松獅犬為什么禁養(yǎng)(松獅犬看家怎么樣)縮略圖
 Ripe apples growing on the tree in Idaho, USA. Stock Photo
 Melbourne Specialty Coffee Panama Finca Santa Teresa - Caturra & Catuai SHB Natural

____________

> **Requirement**: Emit the full listing verbatim.

> **Task response**:
松獅犬為什么禁養(yǎng)(松獅犬看家怎么樣)縮略圖
 Ripe apples growing on the tree in Idaho, USA. Stock Photo
 Melbourne Specialty Coffee Panama Finca Santa Teresa - Caturra & Catuai SHB Natural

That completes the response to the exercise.